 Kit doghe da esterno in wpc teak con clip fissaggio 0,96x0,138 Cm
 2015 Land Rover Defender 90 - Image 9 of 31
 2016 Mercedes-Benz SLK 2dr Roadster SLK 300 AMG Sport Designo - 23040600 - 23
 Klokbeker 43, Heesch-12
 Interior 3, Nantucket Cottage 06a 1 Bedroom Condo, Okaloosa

# # # # #

- _Problem description_
All lines from the one containing "2015 Land Rover Defender 90 - Image 9 of 31" to the end of the records, both ends included, should be printed exactly and on their own.

- _Answer space_
 2015 Land Rover Defender 90 - Image 9 of 31
 2016 Mercedes-Benz SLK 2dr Roadster SLK 300 AMG Sport Designo - 23040600 - 23
 Klokbeker 43, Heesch-12
 Interior 3, Nantucket Cottage 06a 1 Bedroom Condo, Okaloosa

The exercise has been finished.